What you will do >> Take the lines below from the one with "Gmina prosi o" through the one with "Sosa KAPI LASTİĞİ ÖN SOL 10009 MEGANE" and print only them, exactly. Don't print the pictures.

Material for this task >>
──────────

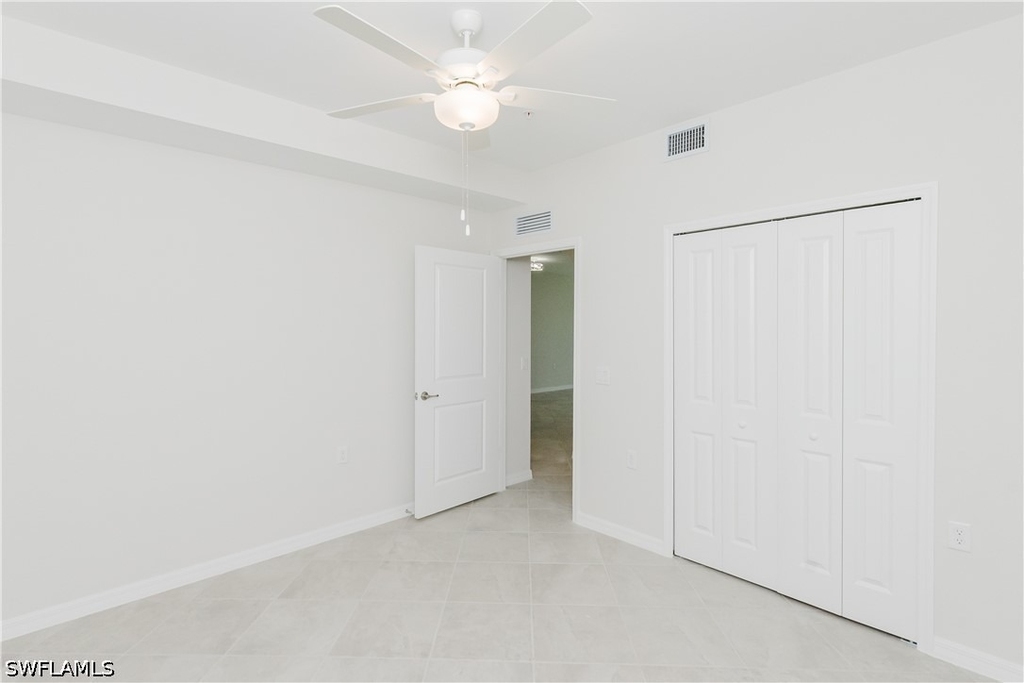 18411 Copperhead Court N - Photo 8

──────────

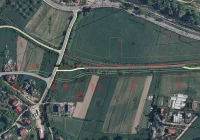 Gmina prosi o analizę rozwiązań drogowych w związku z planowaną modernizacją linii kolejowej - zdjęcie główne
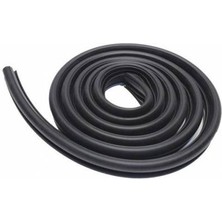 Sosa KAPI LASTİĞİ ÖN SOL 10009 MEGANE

──────────

Written solution >>
 Gmina prosi o analizę rozwiązań drogowych w związku z planowaną modernizacją linii kolejowej - zdjęcie główne
 Sosa KAPI LASTİĞİ ÖN SOL 10009 MEGANE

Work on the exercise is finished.